Épris d'une passion vive, il devient tragique dans sa défaite, quand,
devant la nature, ses instincts et ses forces vives, toutes les ruses du
vieillard et tous ses travaux disparaissent et s'éclipsent. Du côté de
Sganarelle, stratagèmes prémédités, lascivités de la pensée,
personnalité cynique; du côté de la jeunesse, générosité, délicatesse,
amour véritable. La fille élevée dans l'ignorance brise sans le moindre
effort les réseaux du vieil oiseleur; et, ce qui est une admirable
combinaison inventée par Cervantès et perfectionnée par Molière, le
cynisme du tuteur obscène encourage l'amant et le pousse au succès.
Imaginez l'étonnement et l'effroi des anciens à la vue de cette audace
et la joie de la jeune cour! Molière annonce et prépare la place
supérieure que la femme, contenue pendant tout le moyen âge dans les
limites restreintes, allait assumer dans la civilisation nouvelle. Il
veut que, pour être les compagnes de l'homme, elles prennent le
sentiment de leur dignité; l'avilissement du faible, sa servitude, le
soin de le tenir au moyen de l'ignorance dans l'infériorité et
l'obscurité, ne profitent (dit le poëte) ni à sa vertu ni à la sûreté du
maître. C'est donc le mouvement ascensionnel des femmes que Molière
protége à ses propres dépens, il est vrai. Dans le ridicule Arnolphe,
qui ne peut poser sa main ridée sur ce papillon aux ailes légères, il y
a plus d'un trait emprunté à la passion de Molière et à ses douleurs.
Les commentateurs se sont épuisés en recherches pour vérifier les
sources auxquelles Molière a puisé pour compléter son œuvre. Enquête
difficile. Une assimilation constante venait grossir incessamment le
trésor de son génie. Gauloise de ton, d'un sel puissant, d'une vigueur
d'ironie extraordinaire, l'œuvre nouvelle rappelle à la fois Rabelais,
Scarron, les _Quinze joies du mariage_, les _Facéties_ de Straparole,
Mathurin Régnier, et la _Célestina_ espagnole de Rojas. L'art le plus
délicat a su y introduire la célèbre entremetteuse du moyen âge sans
blesser la décence, puisque c'est l'ingénue qui parle innocemment des
vices qu'elle ignore et de la vicieuse qu'elle ne comprend pas.

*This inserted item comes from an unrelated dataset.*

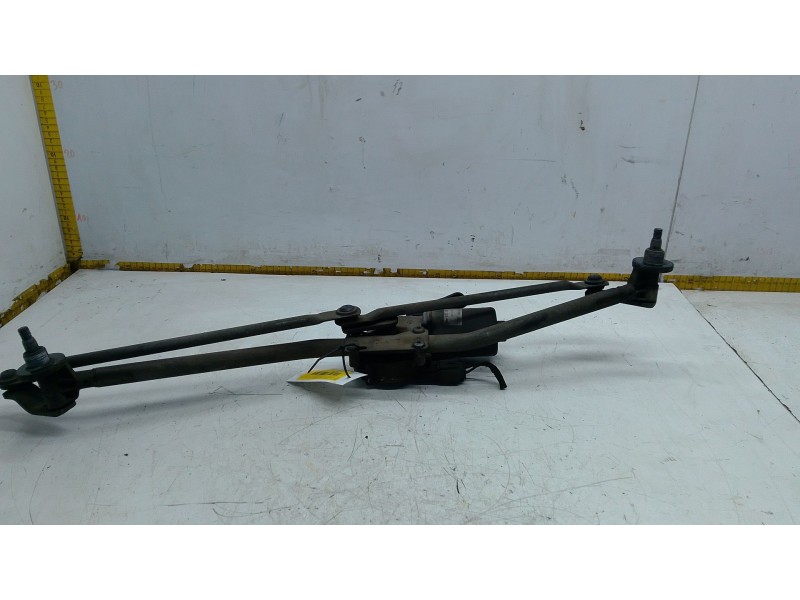 Recambio de motor limpia delantero para mercedes-benz sprinter 3-t furgoneta (b906) 214 cdi (906.611, 906.613) referencia OEM IA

Cette nouvelle bataille fut gagnée avec plus d'éclat que les
précédentes. L'ironie et la tendresse, l'énergique satire de l'humanité,
ravissaient les esprits libres et jeunes. Élégants, marquis,
précieuses, tout ce qui se piquait de délicatesse repoussait Molière
comme un cynique bouffon. Parler de _tarte à la crème_, de _grés jeté
par la fenêtre_ et d'_enfants faits par l'oreille_, fi donc! Le duc de
la Feuillade, qui donnait le ton aux beaux de la cour, ne répondait,
lorsqu'on venait lui demander son opinion sur la pièce nouvelle, que ces
mots dédaigneusement jetés: _Tarte à la crème_. Les partisans de la
décence reléguaient Molière parmi les bateleurs. Les austères
condamnaient les sermons d'Arnolphe comme attentatoires à la religion.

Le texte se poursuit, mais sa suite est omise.